*TASK DIRECTIONS*
Take the records below from their first line through the line holding "Toro rosso str7 1st - toro, test", and set each of those lines down exactly, without pictures.

*MATERIAL PROVIDED*
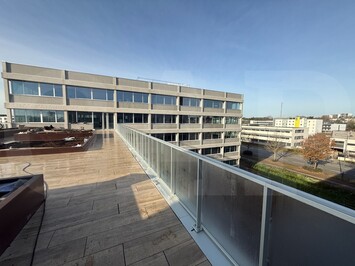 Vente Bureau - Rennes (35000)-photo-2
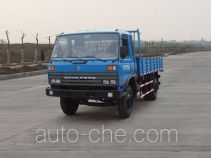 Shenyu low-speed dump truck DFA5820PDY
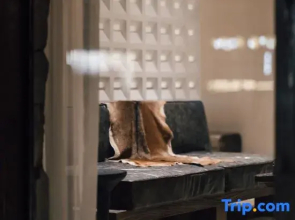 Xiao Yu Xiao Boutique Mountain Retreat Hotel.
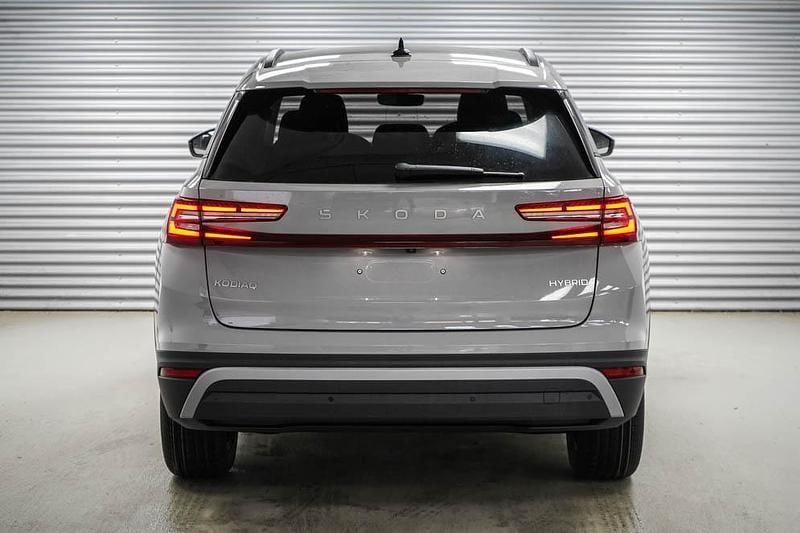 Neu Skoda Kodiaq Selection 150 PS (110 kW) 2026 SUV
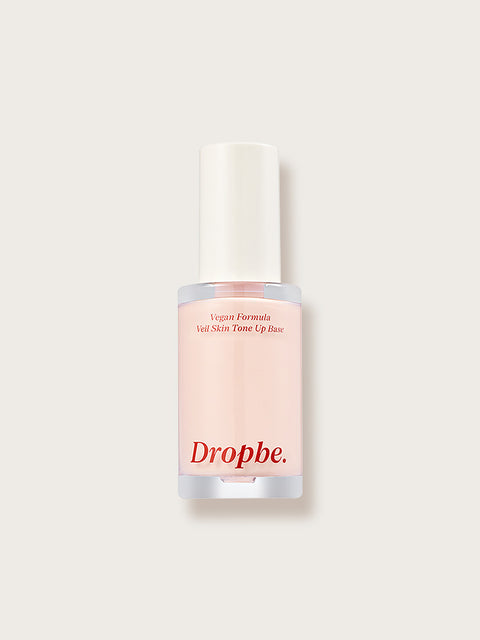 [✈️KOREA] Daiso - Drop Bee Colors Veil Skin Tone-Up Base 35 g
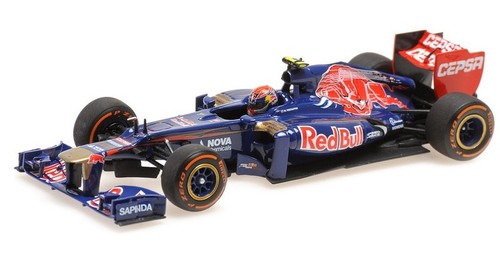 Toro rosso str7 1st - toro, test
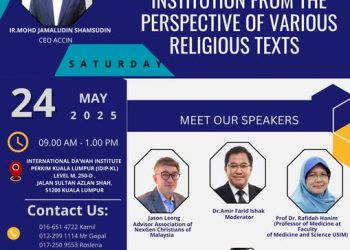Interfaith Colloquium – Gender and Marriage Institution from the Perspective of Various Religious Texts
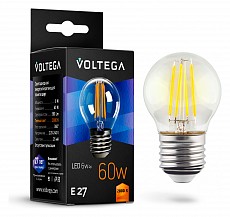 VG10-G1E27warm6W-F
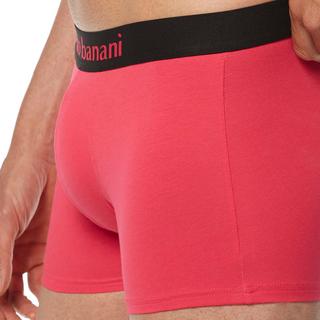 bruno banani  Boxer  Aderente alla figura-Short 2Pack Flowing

*EXERCISE RESPONSE*
 Vente Bureau - Rennes (35000)-photo-2
 Shenyu low-speed dump truck DFA5820PDY
 Xiao Yu Xiao Boutique Mountain Retreat Hotel.
 Neu Skoda Kodiaq Selection 150 PS (110 kW) 2026 SUV
 [✈️KOREA] Daiso - Drop Bee Colors Veil Skin Tone-Up Base 35 g
 Toro rosso str7 1st - toro, test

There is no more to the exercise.